RECORDS FOR THE EXERCISE below:

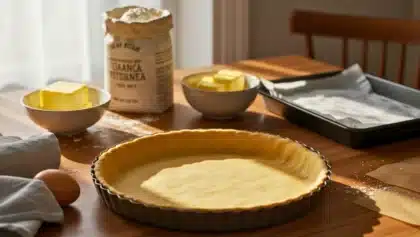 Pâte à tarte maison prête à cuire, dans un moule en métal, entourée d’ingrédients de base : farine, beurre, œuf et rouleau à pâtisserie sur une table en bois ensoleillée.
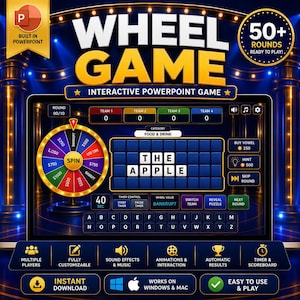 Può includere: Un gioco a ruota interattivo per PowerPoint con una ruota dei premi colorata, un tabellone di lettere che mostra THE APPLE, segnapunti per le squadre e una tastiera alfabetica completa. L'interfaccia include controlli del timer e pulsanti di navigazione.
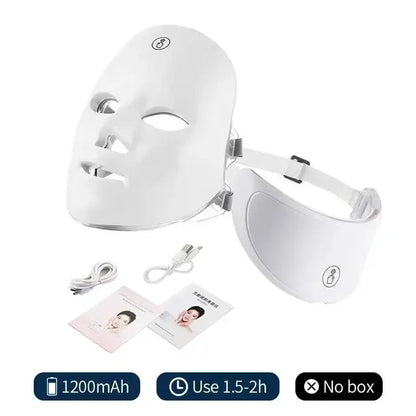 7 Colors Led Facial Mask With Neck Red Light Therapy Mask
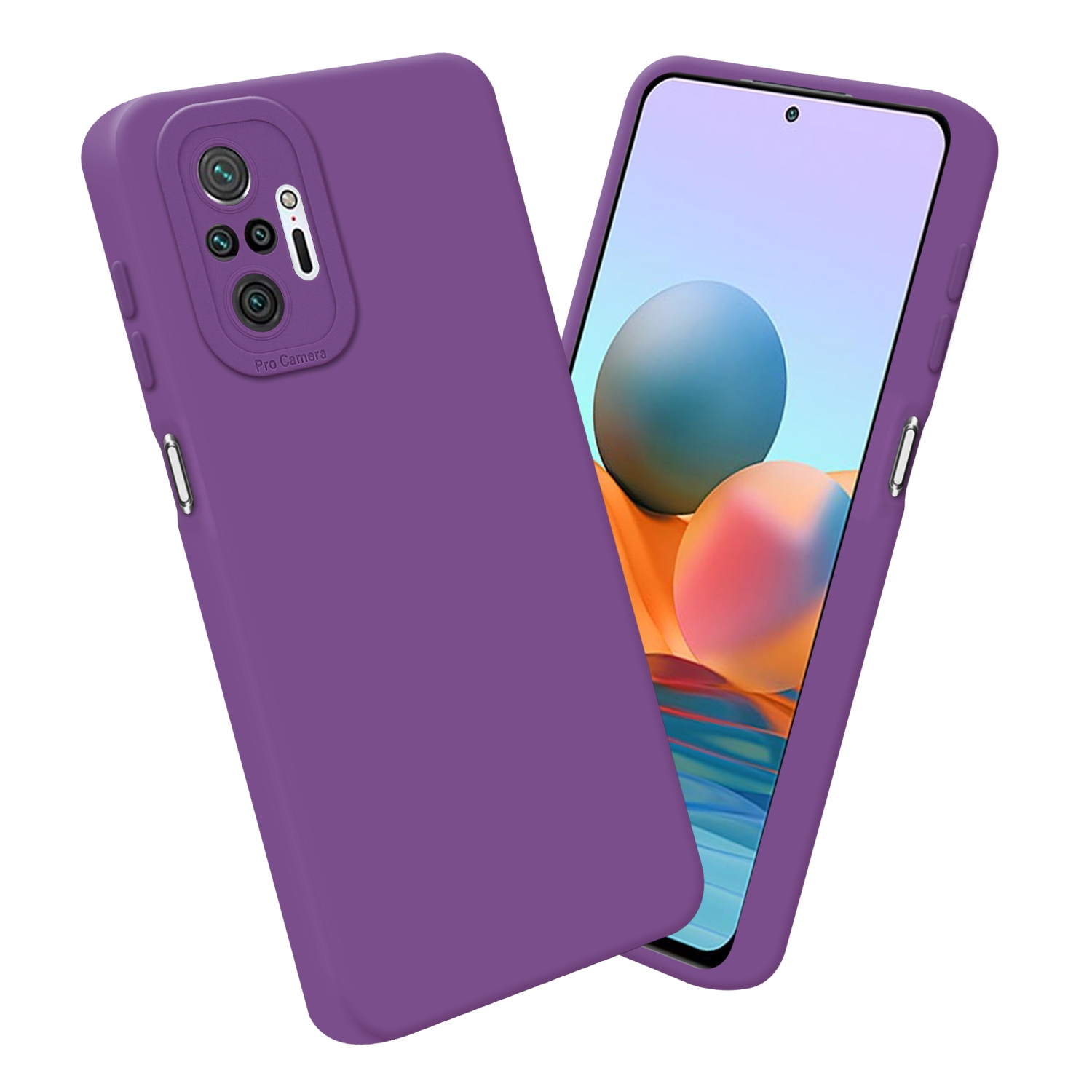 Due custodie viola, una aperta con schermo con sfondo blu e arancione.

End of RECORDS FOR THE EXERCISE.
RECORDS FOR THE EXERCISE below:

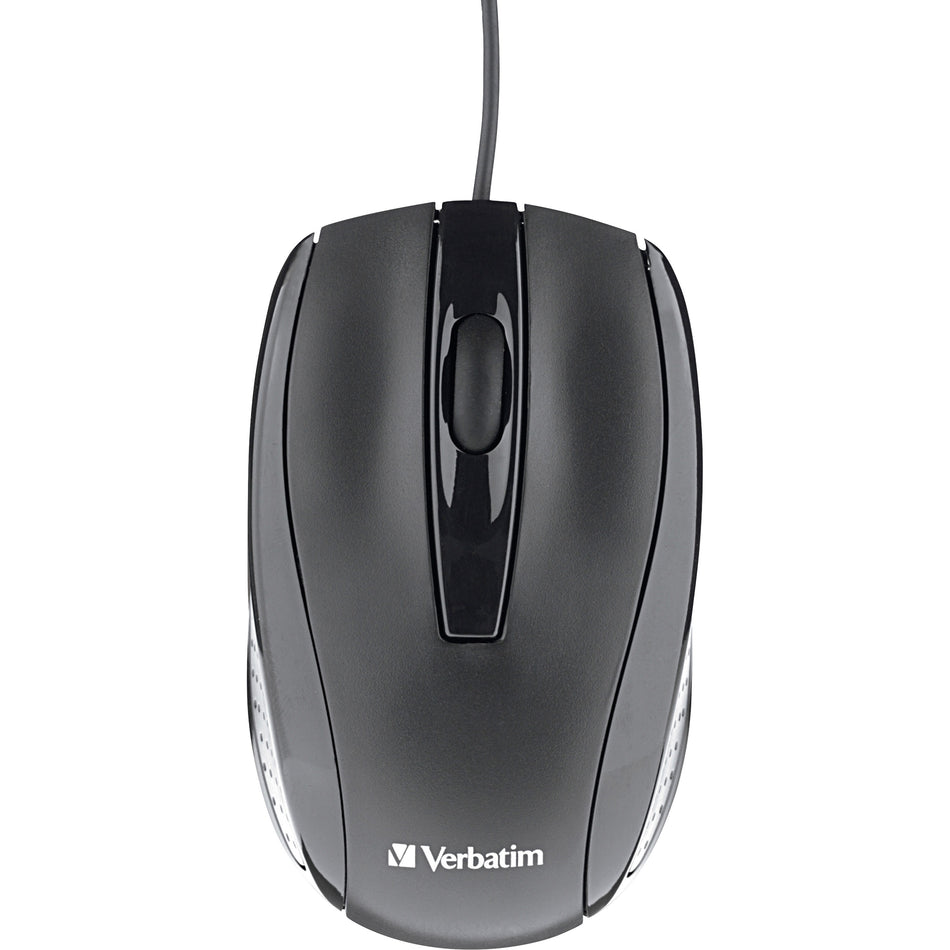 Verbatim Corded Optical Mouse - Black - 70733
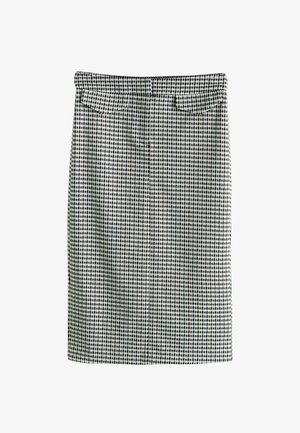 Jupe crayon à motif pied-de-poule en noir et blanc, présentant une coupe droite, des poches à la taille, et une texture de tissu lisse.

End of RECORDS FOR THE EXERCISE.

» **WHAT NEEDS TO BE DONE**:
In the records above, find the line containing "Pâte à tarte" and the line containing "Due custodie viola, una", then give both of them again word for word along with every line between. Omit any pictures.

» **SOLUTION FOR THIS TASK**:
 Pâte à tarte maison prête à cuire, dans un moule en métal, entourée d’ingrédients de base : farine, beurre, œuf et rouleau à pâtisserie sur une table en bois ensoleillée.
 Può includere: Un gioco a ruota interattivo per PowerPoint con una ruota dei premi colorata, un tabellone di lettere che mostra THE APPLE, segnapunti per le squadre e una tastiera alfabetica completa. L'interfaccia include controlli del timer e pulsanti di navigazione.
 7 Colors Led Facial Mask With Neck Red Light Therapy Mask
 Due custodie viola, una aperta con schermo con sfondo blu e arancione.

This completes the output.